Migrate data from Greenplum 4.3.X/5/6 to YMatrix 5

This section of the documentation mainly introduces best practices for migrating data from Greenplum 4.3.X/5/6 to YMatrix 5.

1 Environmental preparation

Once you decide to do an important operation, be fully prepared and start, whether it is actual conditions or mentally prepared (because you may encounter problems at all times). Mental preparation Everyone has their own way. We will list a relatively complete plan for you, including optional steps, as follows:

Serial number	Preparation steps	Instructions	Optional
1	Backup source cluster data	Data migration only reads the source cluster data, no writes, so it does not involve the risk of data corruption caused by migration	Yes
2	Install and deploy the target database software		No, necessary steps
3	Deploy monitoring for target clusters	Depend on demand	Yes
4	Prohibit all DDL operations on the business side	This step is important and may pose risks to the migration process. Please take it seriously.	No, necessary steps
5	Interrupt all business connections		No, necessary steps
6	Collect source cluster and target cluster information	Software and hardware configuration information, source cluster topology information, target cluster topology information, etc.	No, necessary steps
7	Backup source cluster source information	DDL, pattern name, user information, etc.	No, necessary steps
8	Fix or optimize DDL	Fix is to adapt to the DDL statement between Greenplum and YMatrix to solve compatibility issues (if it is migrating data from YMatrix 4 to YMatrix 5 without correction), optimization is to enable database optimize performance from the initial stage as much as possible	Yes, currently mxshift supports automatic migration of DDL, see mxshift
9	Generate SQL files to modify table fields		Yes, currently mxshift supports automatic migration of indexes, see mxshift
10	Add whitelist for the source cluster's master		No, necessary steps
11	Create user for target cluster		No, necessary steps
12	Restore table structure		Yes, currently mxshift supports automatic migration of indexes. For details, see mxshift
13	Create DDL for the target cluster	In YMatrix, it is more efficient to re-create the index after performing the migration operation. Therefore, when creating DDL for the target cluster before migration, it is recommended to create an index without an index	Yes, currently mxshift supports automatic migration of DDL, see mxshift
14	Modify the table to C sort character set		Yes

Based on the table above, we give specific examples.

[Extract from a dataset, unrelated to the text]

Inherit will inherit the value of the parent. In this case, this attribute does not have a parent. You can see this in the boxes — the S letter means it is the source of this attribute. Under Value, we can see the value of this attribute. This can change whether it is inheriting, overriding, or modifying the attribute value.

1.1 Backup source cluster data (optional)

Data migration only has read operations and no write operations for source cluster data, so it does not involve the risk of data corruption caused by migration. But if you are still worried, or have other business needs that require data, you can use the mxbackup tool to implement cluster parallel backup.

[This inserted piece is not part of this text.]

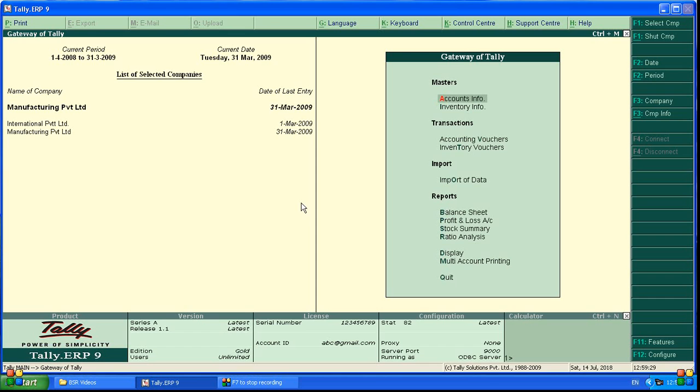Hello viewers. In this video, we are going to see stock items and inventory books.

1.2 Install and deploy the target database software

Notes!
We recommend that you do not deploy mirror nodes (Mirrors) when deploying the cluster, and add them after the migration is completed to improve migration efficiency.

Notes!
The target cluster host name and the source cluster cannot be repeated!

Please refer to the standard cluster deployment document:

1.3 Deploy monitoring for the target cluster (optional)Please refer to the monitoring alarm document:

1.4 All DDL operations on the business side are prohibited

Notes!
Before officially stopping all services on the business side, the source Greenplum cluster service side does not allow any DDL to be executed, including creating objects, modifying objects, adding fields, deleting fields, and executing CREATE, ALTER, TRUNCATE, and DROP statements are prohibited.

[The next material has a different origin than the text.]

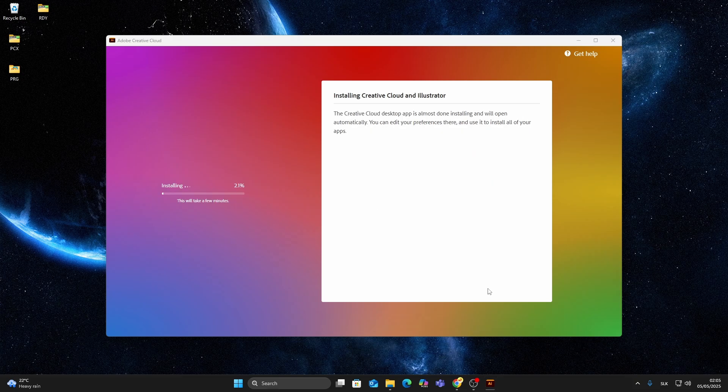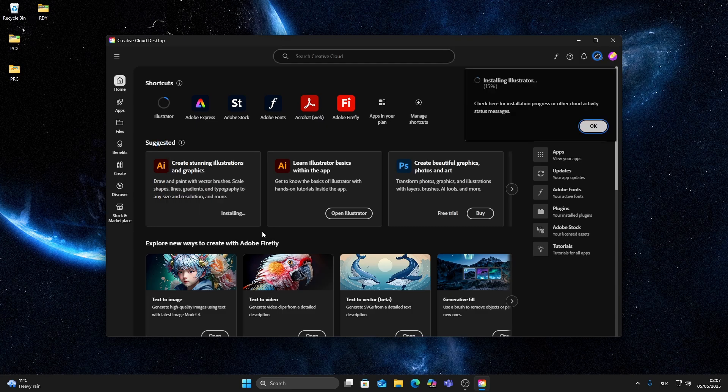Once it's installed, log in with the same email address you used to sign up. Creative Cloud will now launch. Go to the app section, find Illustrator, and click install. That's it.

1.5 Disconnect all business connections

Modify the pg_hba.conf file on the source Greenplum cluster master.

$ vim  pg_hba.conf

Add the business client address in the following format to disable remote access.

host     all         all         <Client IP Address>/<Subnet Mask Bits>       reject

Then reload the configuration to make the modified configuration file take effect

$ gpstop -u

1.6 Collect source cluster and target cluster information

Collect source cluster and target cluster information, including the number of physical machines, operating system, CPU, memory, disk type, disk usage, network card information, source cluster topology, target cluster topology, database license, resource group configuration, etc., and use it according to the specific scenario to make comprehensive migration execution preparations. The following commands may be used:

Serial number	Command	Purpose
1	free -g	View operating system memory information
2	lscpu	View CPU quantity
3	cat /etc/system-release	View operating system version information
4	uname -a	Output all kernel information in the following order (where the detection results of -p and -i are omitted if they are agnostic): kernel name; host name on network node; kernel issue number; kernel version; host hardware architecture name; processor type (not portable); hardware platform or (not portable); operating system name
5	tail -11 /proc/cpuinfo	View CPU information
6	gpcheckperf	Network performance, bandwidth, disk I/O performance detection

1.7 Backup source cluster source information

Under the gpadmin user, use the pg_dump tool to back up the source Greenplum cluster DDL, schema name, user information, etc.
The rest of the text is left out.